In his DP3 Substack blog, Dunham writes that Tennessee’s recent execution of Oscar Smith on May 22 exemplifies how states “wield the death penalty as an implement of power to reinforce the racial hierarchy in the U.S. social order,” despite the fact Smith and the three victims he was convicted and sentenced to death for killing —  his estranged wife and her two sons — were white.

The statistics are undeniable, as Dunham notes. Smith was the 1,626th person executed in the U.S. since 1976, when the U.S. Supreme Court reinstated the death penalty in Gregg v. Georgia, ending a four-year pause that began when the Court found in Furman v. Georgia that its death penalty statute was discriminatory. In the last 49 years, according to Dunham, there have been 1,236 executions, and in 76% of them, every victim was white. “That percentage is remarkable, given that whites comprise barely half of all homicide victims in the country,” he states.

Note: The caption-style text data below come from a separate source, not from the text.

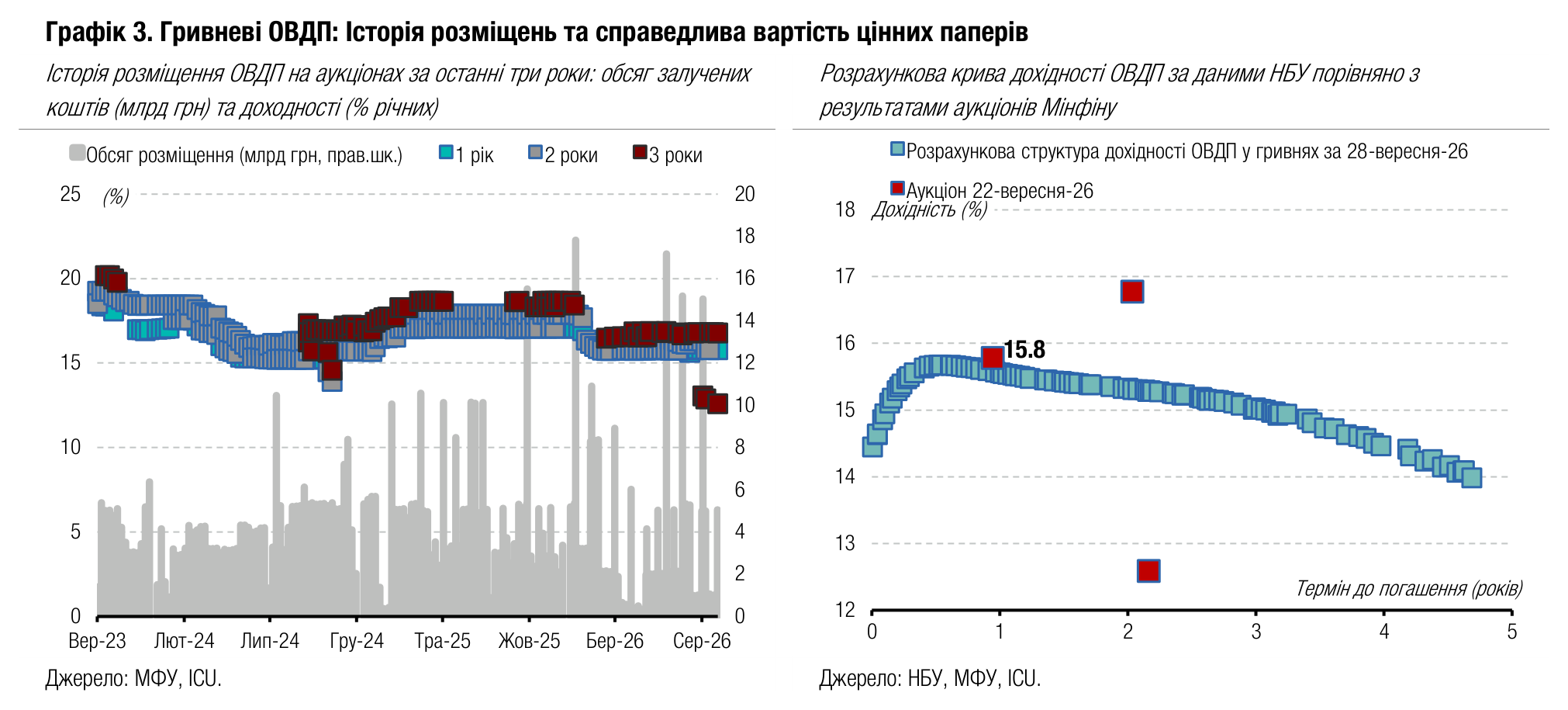 Графік 3. Гривневі ОВДП: Історія розміщень та справедлива вартість цінних паперів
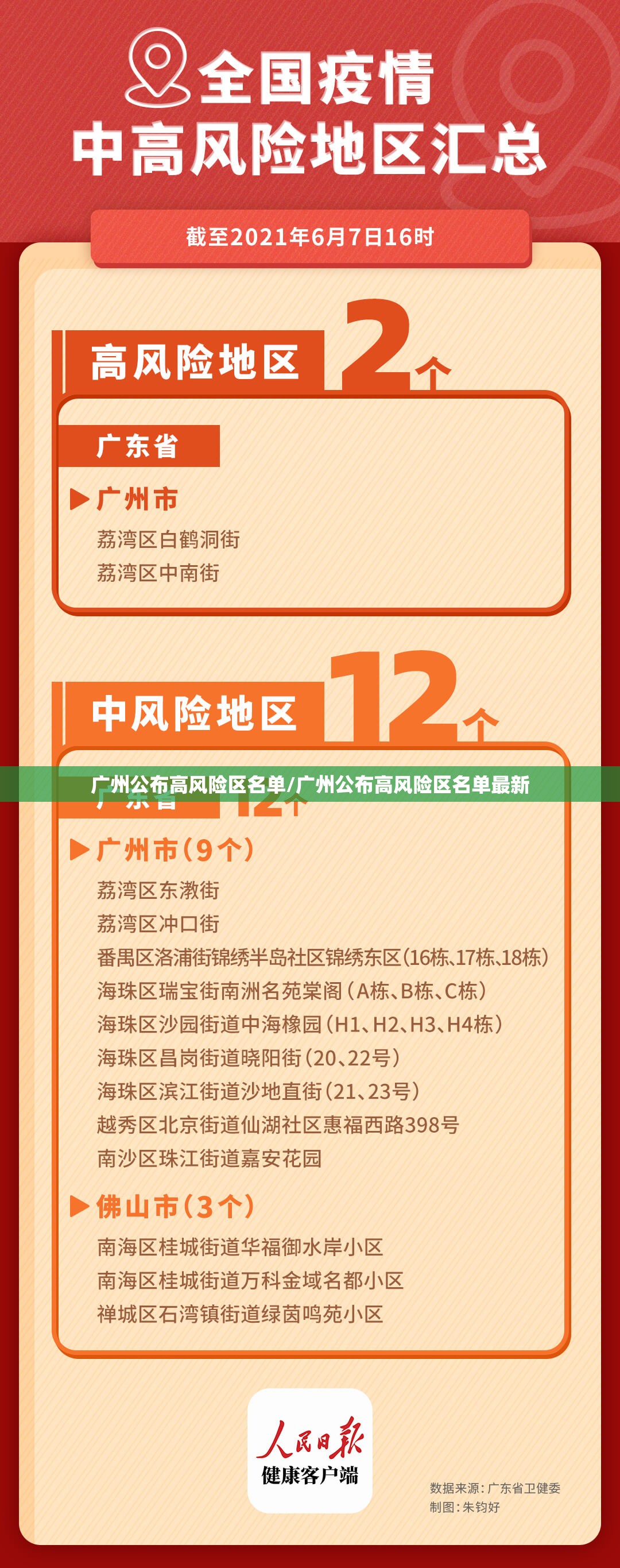 广州公布高风险区名单/广州公布高风险区名单最新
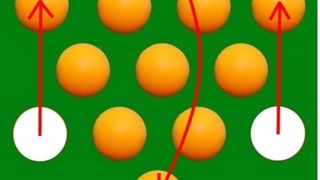 Aceasta este rezolvarea testului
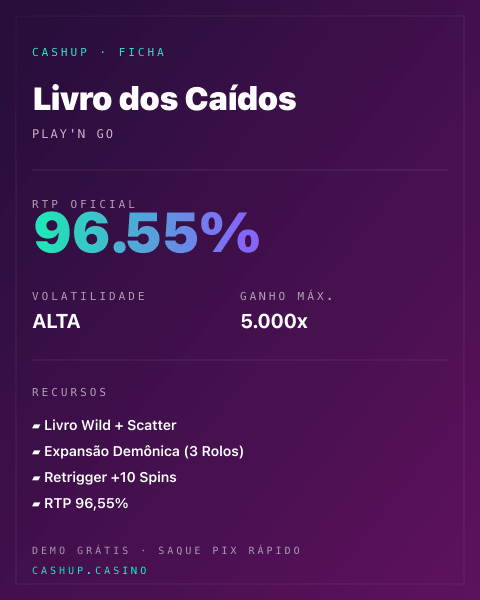 Ficha técnica de Livro dos Caídos: RTP, volatilidade e ganho máximo na CashUp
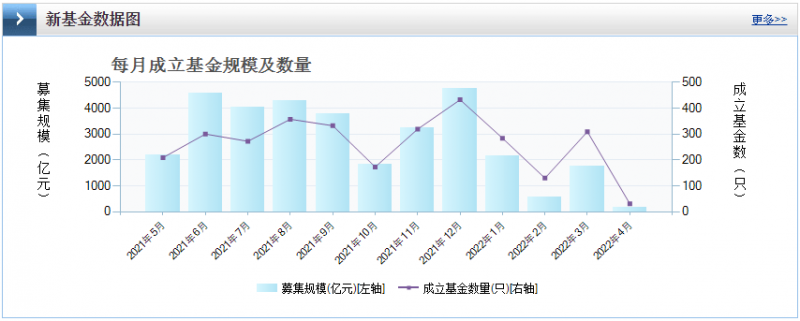 光伏板塊暴跌4.8%，市場“黃金坑”若隱若現(xiàn)！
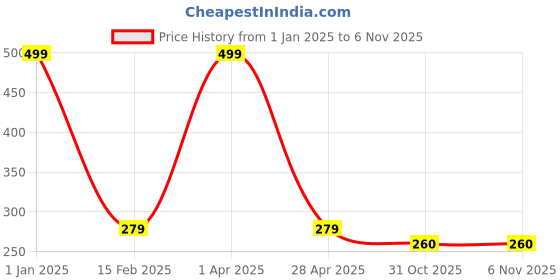 myntra.com NAVYSPORT Men Pack of 3 White & Grey Colourblocked Ankle-Length Socks navysport Price History Graph from 1 Jan 2025 to 5 Nov 2025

And Dunham maintains that “as the nationwide attack on diversity, equity, and inclusion has intensified, the white-victim disproportionality in executions has gotten worse.”

Among his findings:

  • Thirty-eight of the 44 executions since January 1, 2024 (86.4%) have involved at least one white victim, and 37 (84.1%) have involved only white victims.
  • Twenty-four of the last 25 executions during the current execution surge in the U.S. (96.0%) have been in cases with only white victims. The last 18 of those executions, the four scheduled this week, and the other executions currently scheduled before the end of June, also involve only white victims.
  • “If those six pending executions are carried out, ten different states will have combined to conduct an unprecedented 24 consecutive executions of defendants convicted of killing only white victims, the longest spree of executions involving just one race of victims in the modern history of the U.S. death penalty,” Dunham states.